IV: Bedstraw

What was the point of the Great Bed of Ware?

quartidi, the 24th of Prairial, Year CCXXXI
Yellow bedstraw from Transylvania. Photo by Țetcu Mircea Rareș.

Good morning. Today is quartidi, the 24th of Prairial, Year CCXXXI. We celebrate le caille-lait, a very common swamp herb that once was used to stuff mattresses.

💡
Bedstraw is the nicest name for this widespread plant. You almost get the feeling that people aren't too fond of it. The French name directly translates as "quail milk," a designation I find it best not to think too hard about. Common names in English include catchweed, grip grass, stickwily, cleavers, and burr weed. The plant's propensity to make sappy little stickers that grip to animal fur, socks, pants, shoes ... just thinking about it makes me want to bust out a broom. 

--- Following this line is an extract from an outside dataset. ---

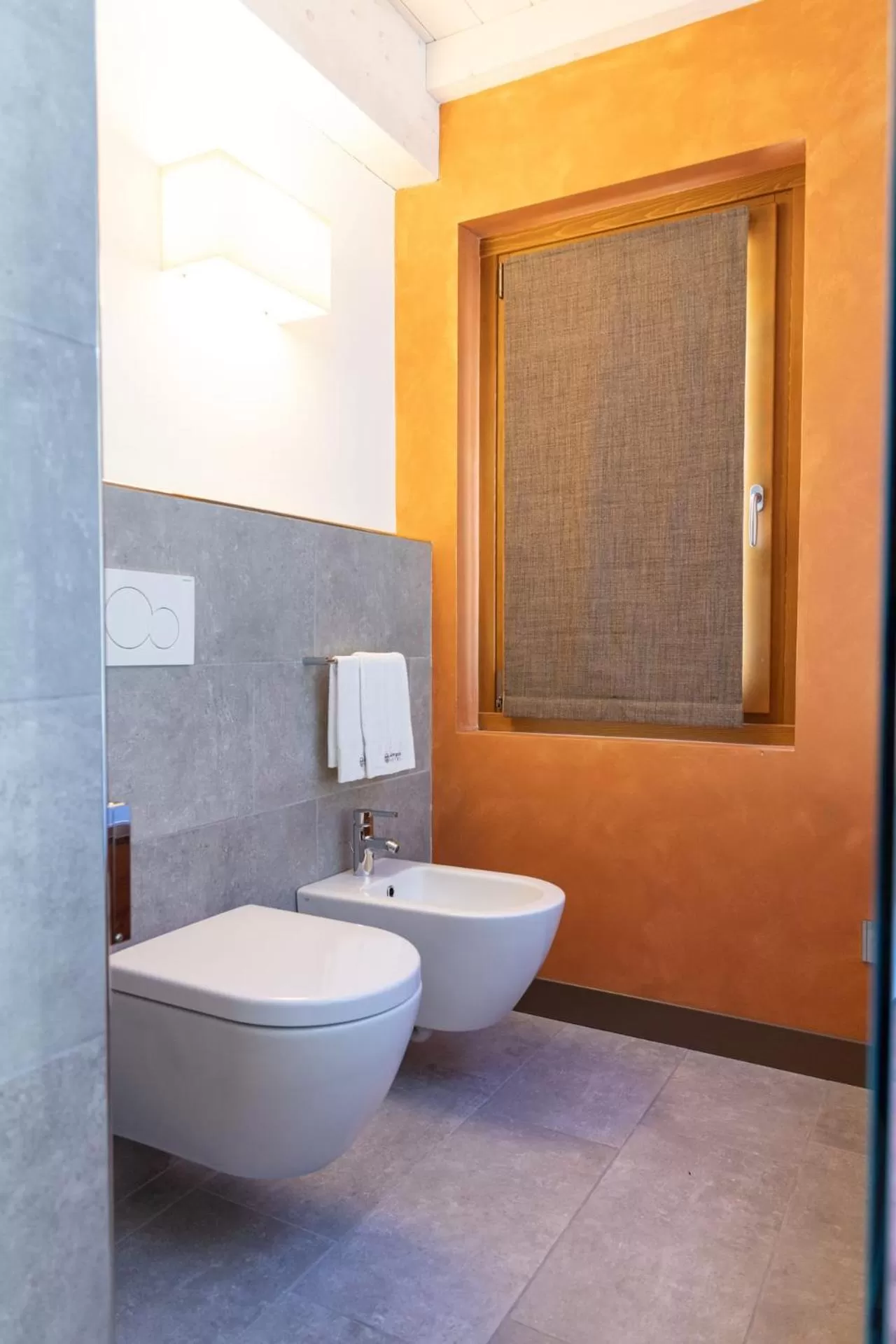 Toilet in Olimpia Hotel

There once was a bed so large, 26 butchers and their wives spent the night in it. So goes the tale of the Great Bed of Ware, which still exists – lovingly tucked into a corner of the Victoria & Albert Museum in London – and is still astoundingly large. While a king-sized bed is roughly 80 inches square (depending on whether or not it's a "California" king), the Great Bed of Ware measures 120 inches wide and 132 inches long, essentially a king with a twin-sized bed tacked onto one side and then, for reasons nobody can fathom, another full-sized bed bolted sideways onto the foot.